This taps into what I was saying earlier about the heat getting absorbed into the mass. What it does is mix modern science with knowledge from hundreds of years ago. Burn the smoke and capture heat from the exhaust while focusing on utilizing the more efficient forms of heat: radiant and conductive heat are favored over convective heat.

The new twist is using modern materials (barrels, ducting) to make the building process cheaper and easier, and also making the heaters more effective at getting the heat where people want it: right where they can sit on it and tuck their cold toes under the cushions.

  • Convection is heat transfer via moving air or water, which is how most of our standard heating systems work.
  • Conduction happens when two surfaces touch each other – such as your body sitting on the warm stove exhaust.
  • Radiant heat transfer happens when warmth radiates from a hot surface to strike another surface.

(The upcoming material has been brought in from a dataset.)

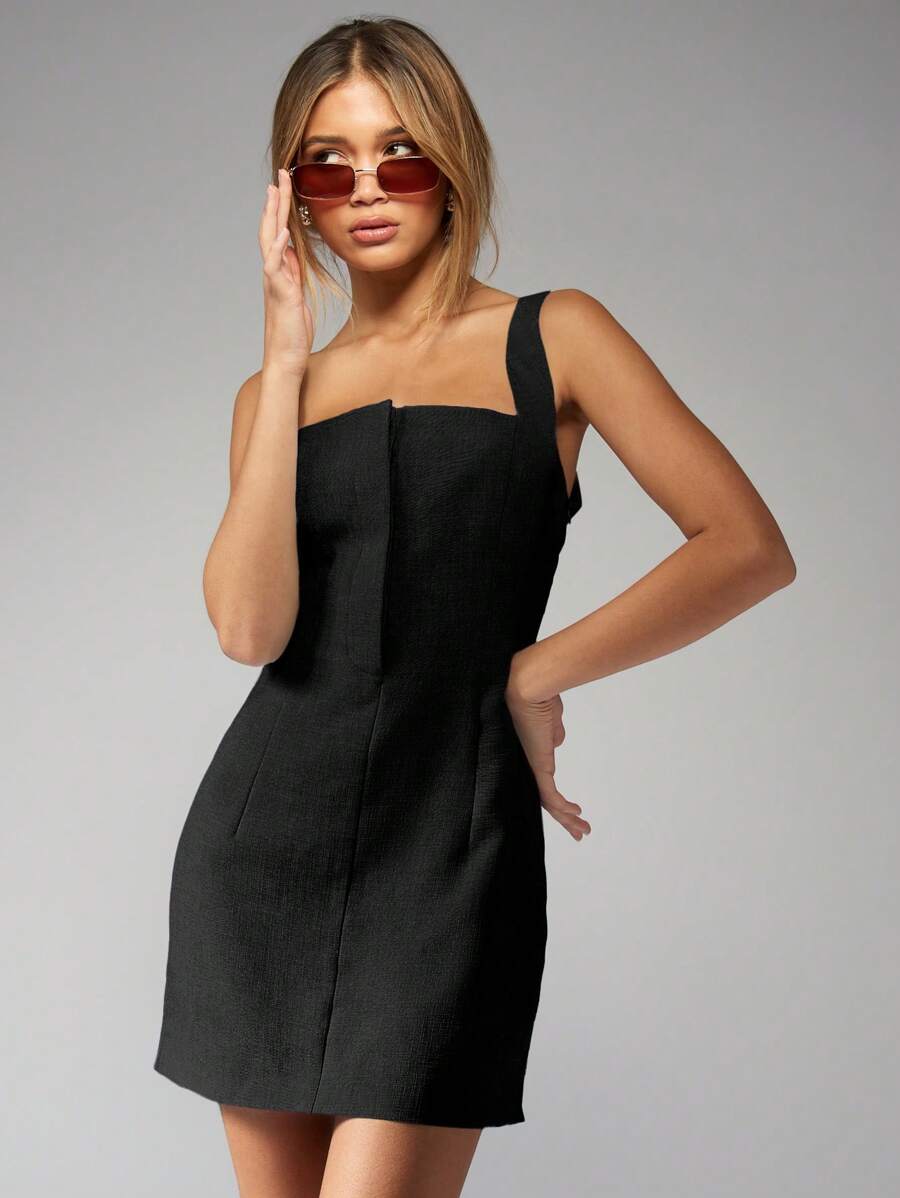 MISSGUIDED 经典亚麻质感迷你连衣裙，无袖A字裙摆，夏季商务休闲派对、职业办公、正式场合、婚礼宾客皆宜 - 黑色 - 查看 1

It doesn't require air movement. Examples include warmth radiating from a fire or from the sun.

#8 – There are many different kinds of rocket mass heaters.

The most popular design for a rocket mass heater is a 6” Annex Variation but there are also so many different designs. Here are a few:

  • Daybed Bypass Variation
  • Bonny Convection Bench Variation
  • Batchbox Variation
  • Cob Style
  • Pebble Style
  • Wood box Style Shippable Cores
  • Small Molded Shippable Cores
  • Rocket Mass Heater that doubles as a BBQ, cooker, and smoker
  • Rocket Stove with a griddle, oven, and hot water
  • Batch Box Variation with heat directed into the floor
8 Things You Should Know About Rocket Mass Heaters - Learn how rocket mass heaters can save money you money on heating costs, reduce your environmental impact, and keep you warm in the coldest winters.
Bonny Convection Style Rocket Mass Heater. Image courtesy of Village Video DVD, How to Build Rocket Mass Heaters with Ernie and Erica

As you can see, these rocket mass heaters provide a multitude of opportunities for heating your home in a clean, efficient, cheap way. They also give us the massive opportunity to do something and build something that can save the environment we live in!

But it can be challenging to build a rocket mass heater without seeing it in front of you. This is why Paul Wheaton and Ernie and Erica Wisner are creating a new DVD set that shows the ins and outs of building a bunch of different types.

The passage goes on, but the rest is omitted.